[video] Black Tambourine: Black Car from COCO’S OCD.
Black car. White cats. by Lara Shahd Zoabi (Coco), from Womanzine CULT
Bashir appears to me sometimes, usually at the Myrtle-Broadway subway station, or in Soho, walking on the opposite sidewalk. Bashir always appears to me, to be honest. It may really be him—he might have moved to New York—though it’s probably just a guy that smiles like him or has the same side-swooshed bangs.

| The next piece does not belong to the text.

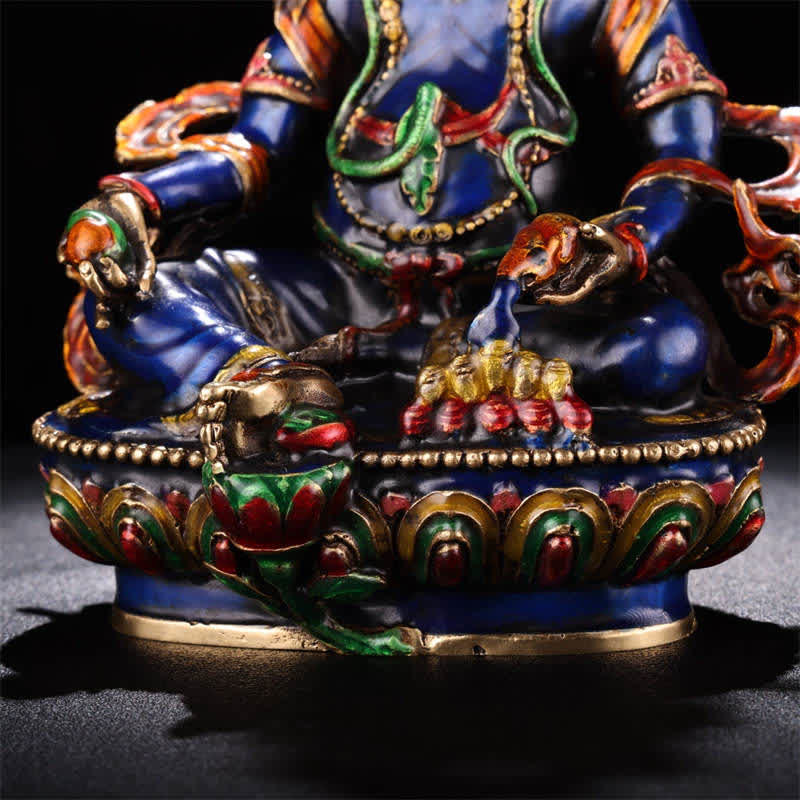 25,5 cm kupfergelbe Jambhala-Bodhisattva-Buddha-Statue für Gelassenheit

When I was thirteen, Mary was the first female character that I attempted to write in English. I made Bashir the protagonist in that story: he was obsessed with the older, mysterious Mary. She wore black head to toe, including black lipstick. He followed her everywhere but would tragically lose track of her every time. Once, he managed to sneak after her into an abandoned building, where he caught a glimpse of Mary’s true self: she was uttering satanic verses and sacrificing a cat into a blazing fire. Bashir’s world was never the same.
The year that I wrote that, six teenage satanic-cult stories upset the local news in Israel—cat homicides and all. I was intrigued then, as I am now, by cults. Sometimes, I walk by a black brick compound in Bushwick, clad with gold trimmings, fake Egyptian pharaoh sculptures, and alien pictures. I’ve seen a bodyguard wearing a black bowtie guarding the metal gate during gatherings. My naive and eager teen curiosity has been revived, and I try to set my iPod to blast Black Car by Black Tambourine every time I pass it. Bashir is gone, though—long gone.